%%

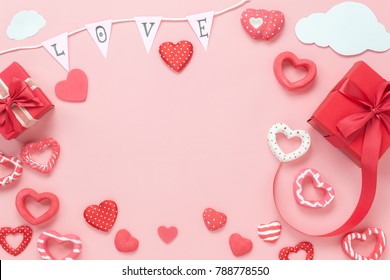 Table top view image of decoration valentine's day background concept.Flat lay arrangement of red shape & gift box with essential items on modern rustic pink paper with middle space for mock up design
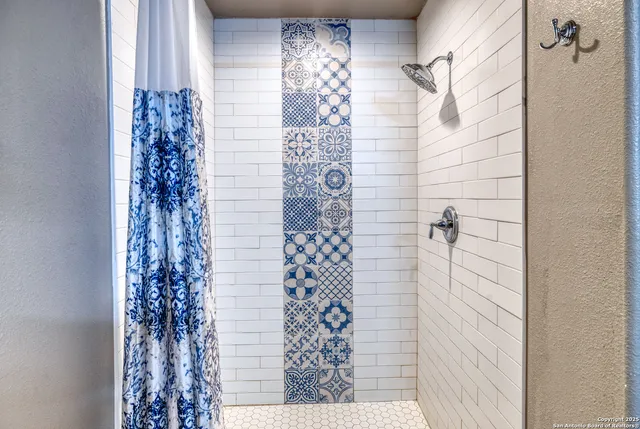 a bathroom with a shower curtain and a sink
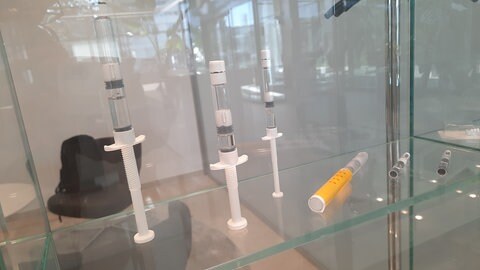 In einer Glasvitrine präsentiert die Firma Vetter Pharma einige seiner Produkte wie mit Arzneimitteln befüllte Spritzen.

%%

ACTION ITEM =>
Please reproduce the data above word for word, skipping all images.

FINISHED TASK =>
 Table top view image of decoration valentine's day background concept.Flat lay arrangement of red shape & gift box with essential items on modern rustic pink paper with middle space for mock up design
 a bathroom with a shower curtain and a sink
 In einer Glasvitrine präsentiert die Firma Vetter Pharma einige seiner Produkte wie mit Arzneimitteln befüllte Spritzen.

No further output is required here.